What the exercise asks: Each line from the first entry to the line with "132 Inch Round", both included, is to be returned unchanged, with any pictures dropped.

··· Recorded data

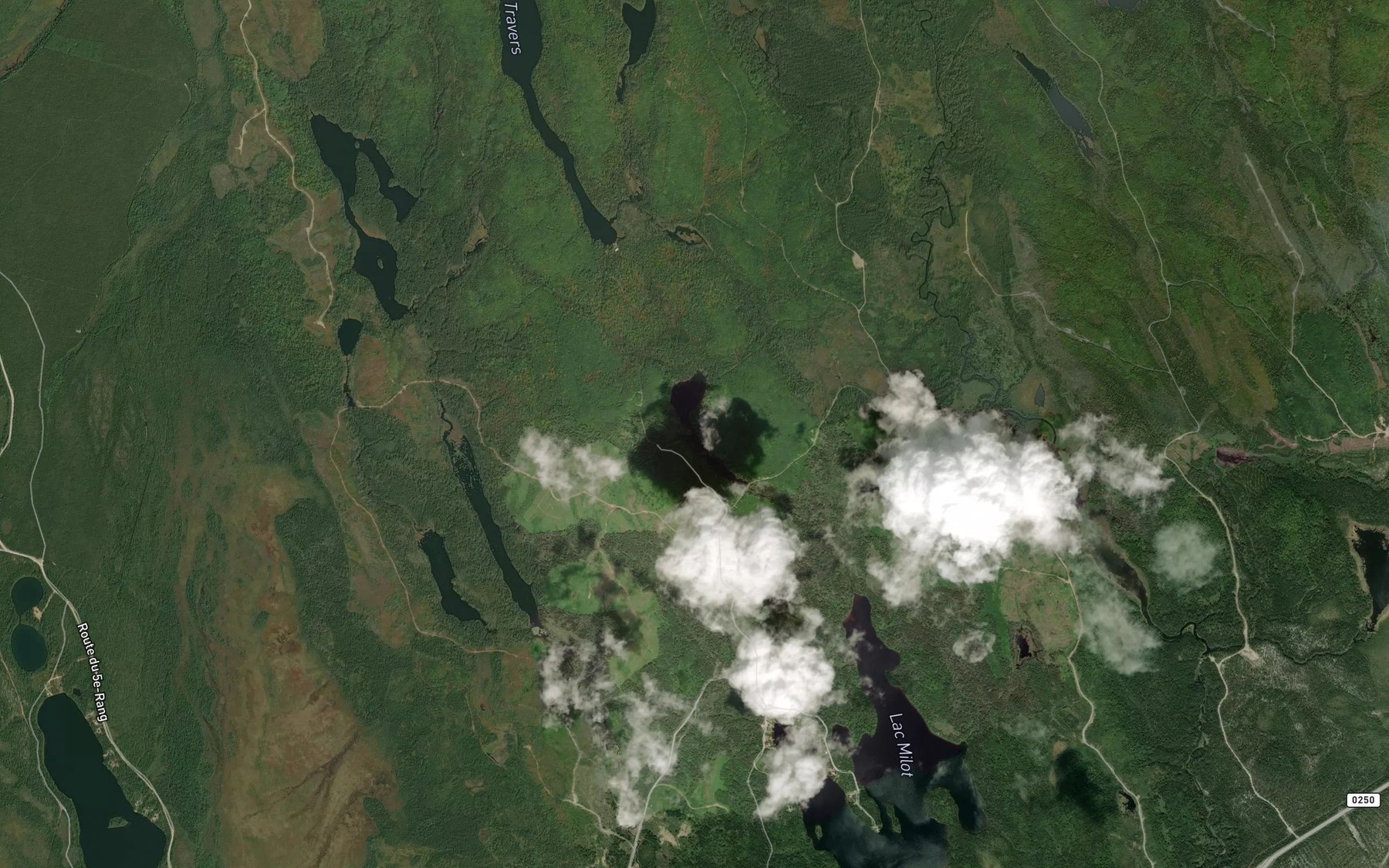 Satellite map of the Lac a Antoine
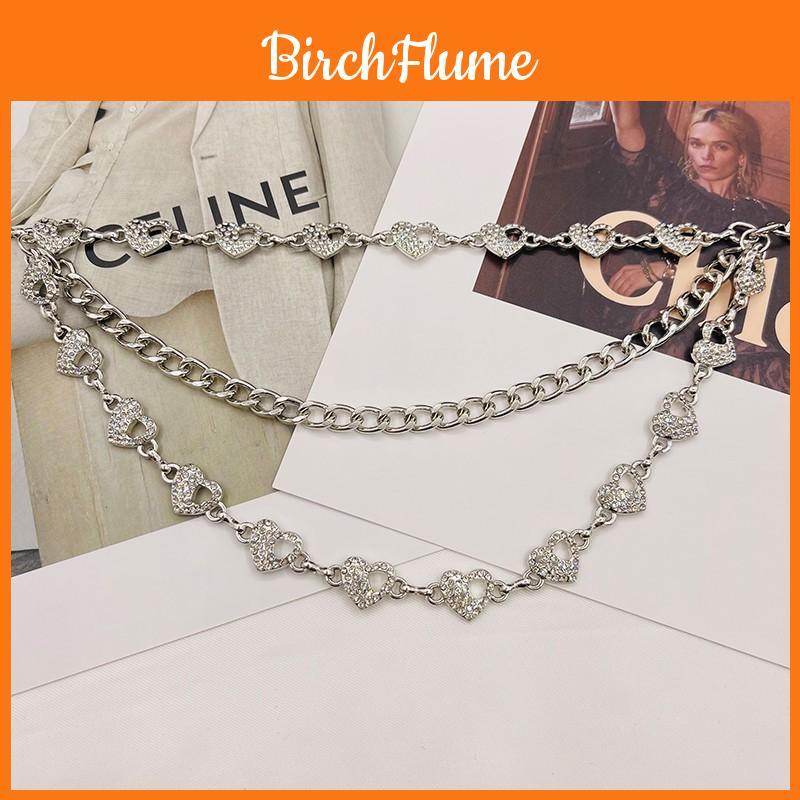 Heartshaped Waist Chain For Women With Water Diamond Embellishments Elegant Jewelry Accessory For Summer And Winter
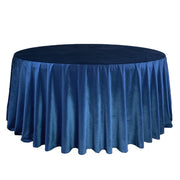 132 Inch Round Royal Velvet Tablecloth Navy Blue 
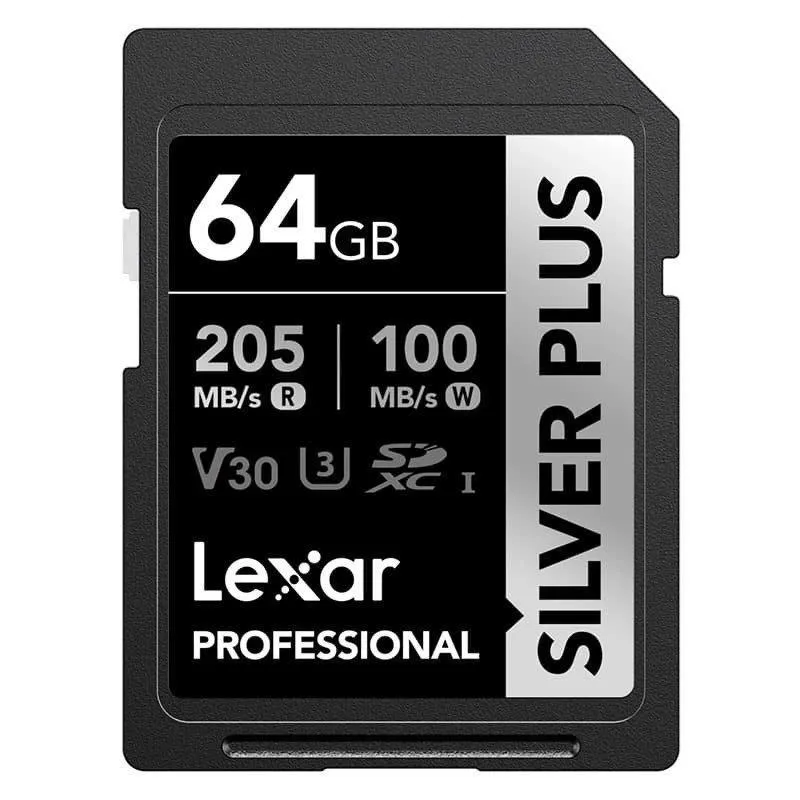 Lexar Professional Silver Plus Cartão SD 64GB UHS-I V30 205MB/s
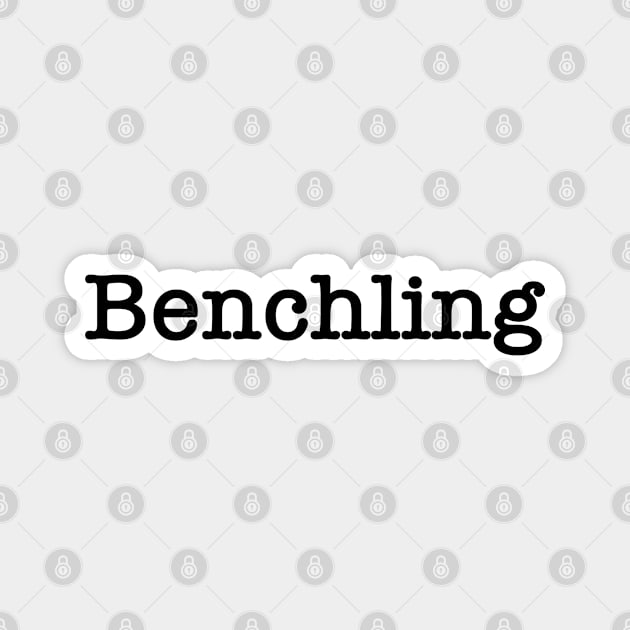 Benchling Magnet by 2 Girls on a Bench the Podcast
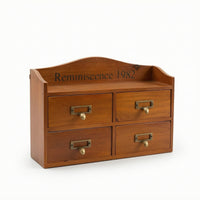 Desktop Organizer with Drawers Rustic Tabletop Chest of Drawers Small Furniture for Students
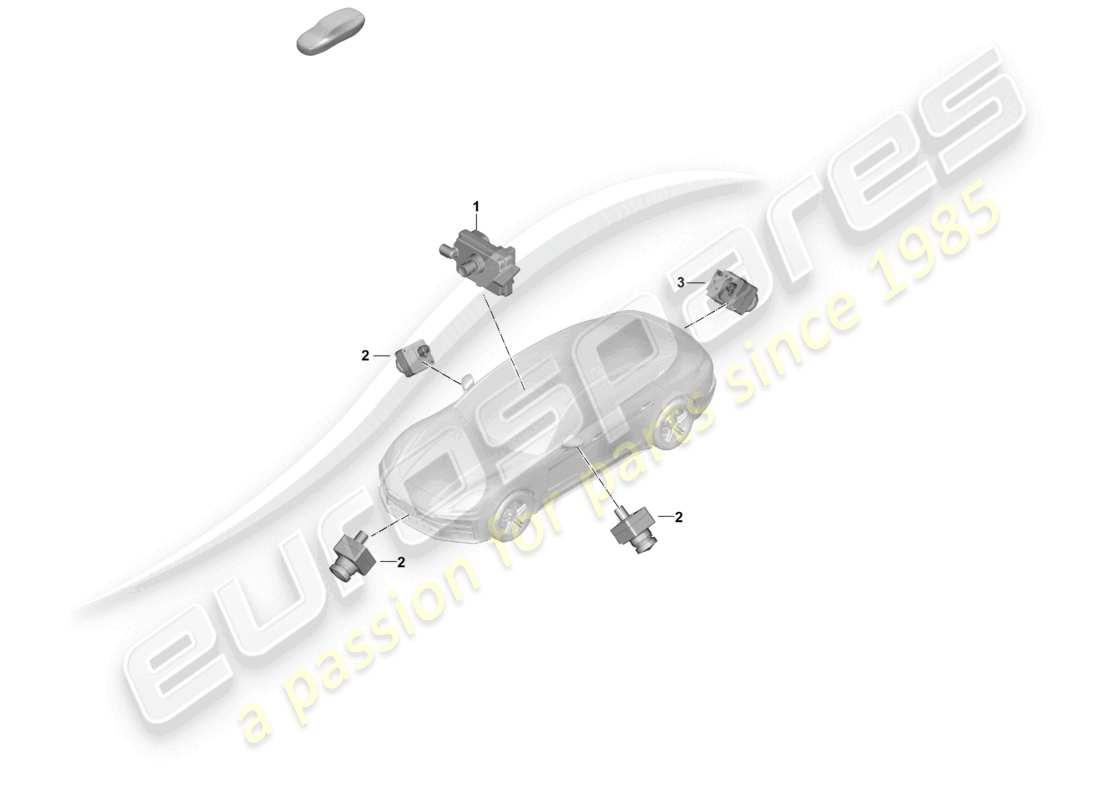 porsche 2024 (panamera 976) kamera echte draufsicht frontkamera teilediagramm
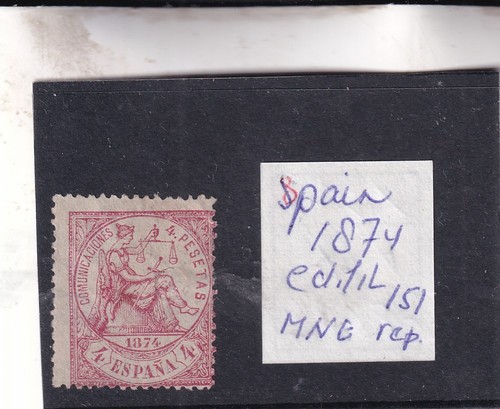 Spagna 1874 mng edifil - spagna,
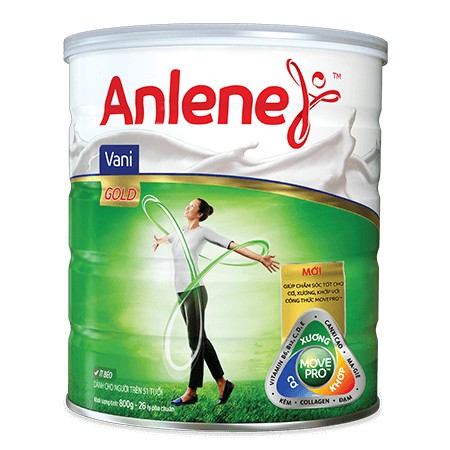 Anlene gold 800gr độ tuổi từ 40t trở lên (cam kết 100% hàng nhập chính hãng)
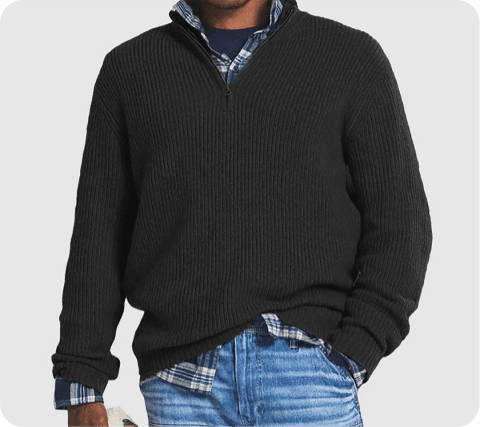 Men's Cashmere Business Casual Zipper Sweater(NEW) – excellten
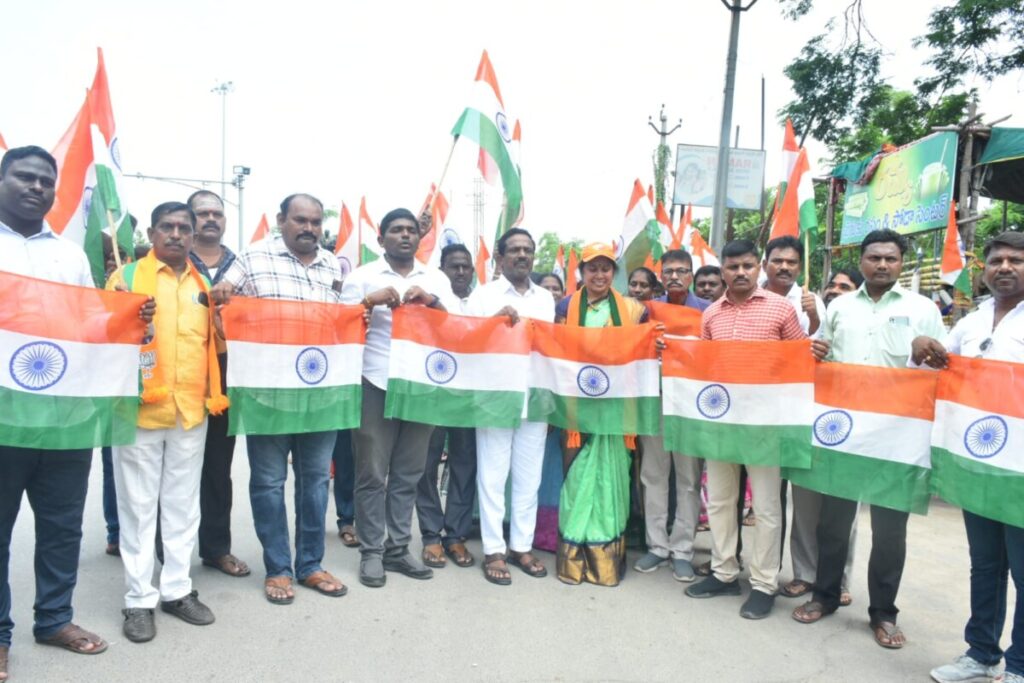 Ex-Servicemen's Welfare Association at the 'Har Gar Tiranga' program organized by BJP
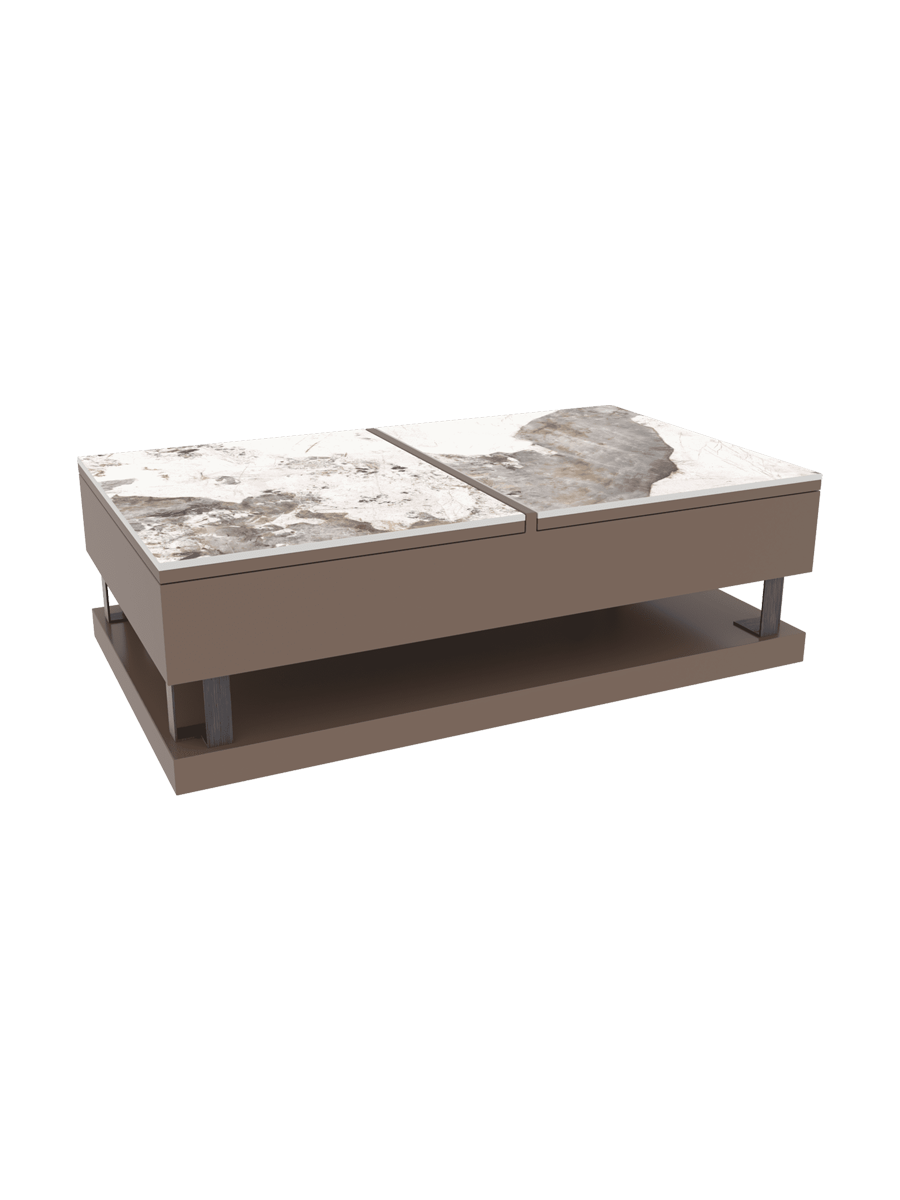 
Functional, height-adjustable ceramic design coffee table "Torino"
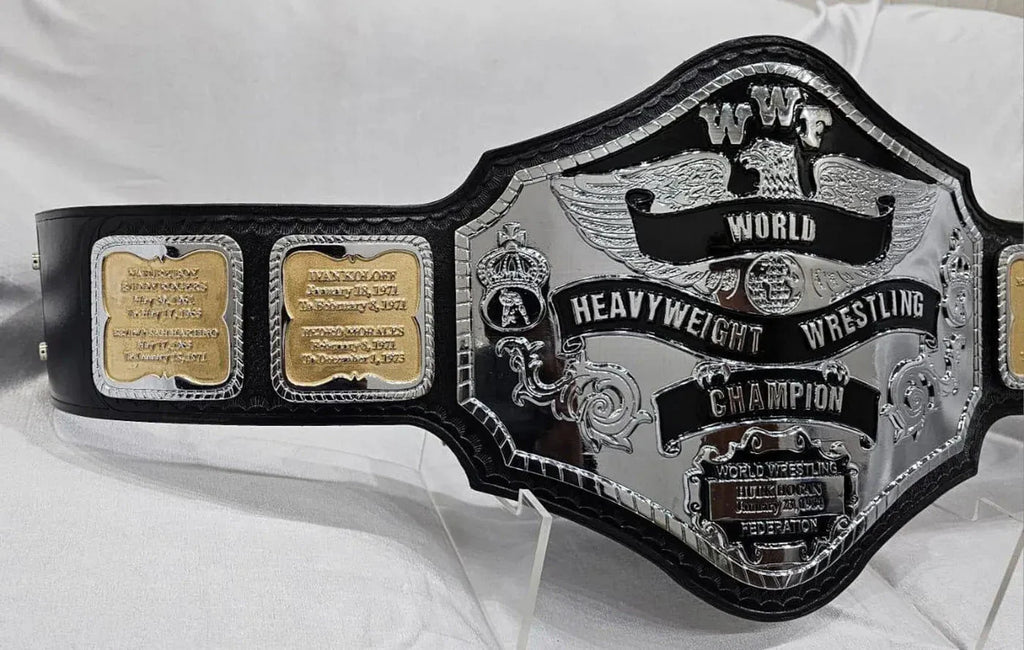 WWF Hulk Hogan Wrestling Heavyweight Championship Title Belt Replica ChampionshipBeltUS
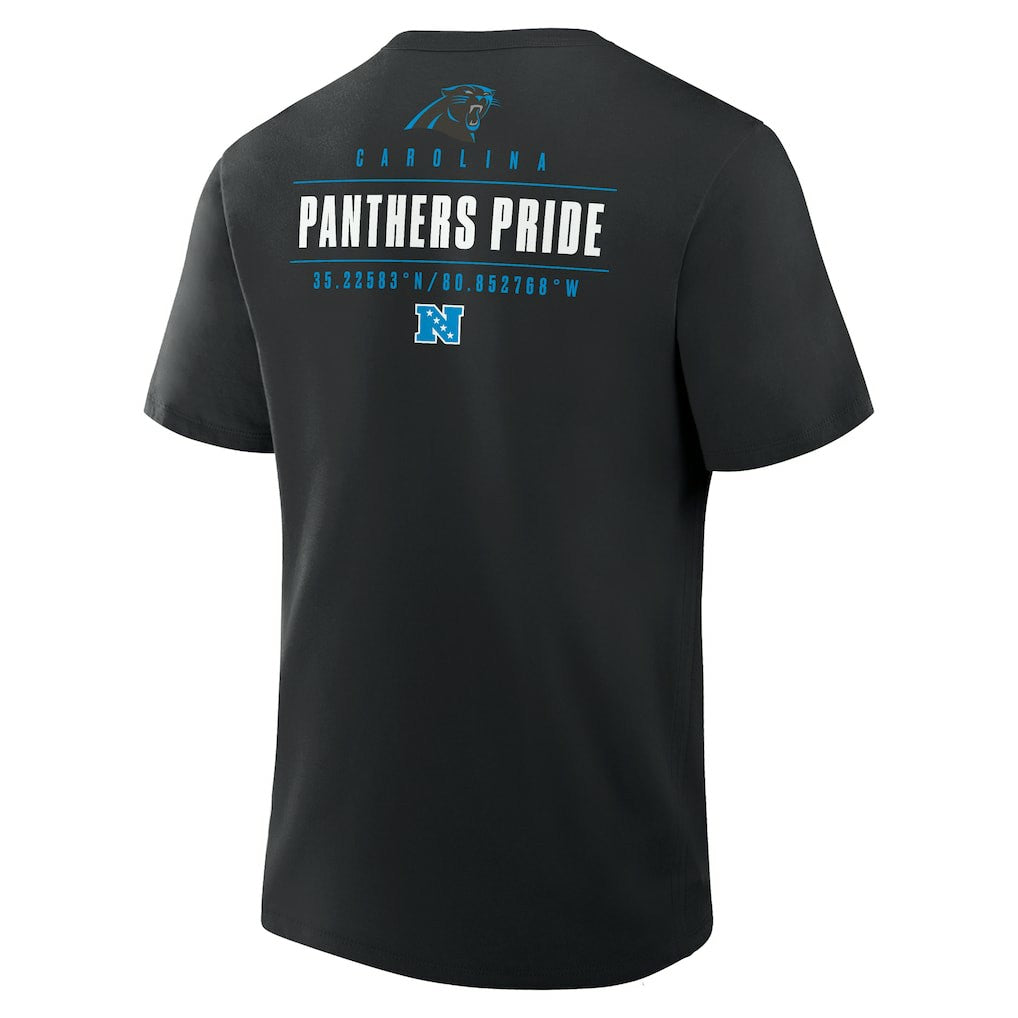 Carolina Panthers Passing Pocket Legacy T-Shirt Black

······

Output below:
 Satellite map of the Lac a Antoine
 Heartshaped Waist Chain For Women With Water Diamond Embellishments Elegant Jewelry Accessory For Summer And Winter
 132 Inch Round Royal Velvet Tablecloth Navy Blue 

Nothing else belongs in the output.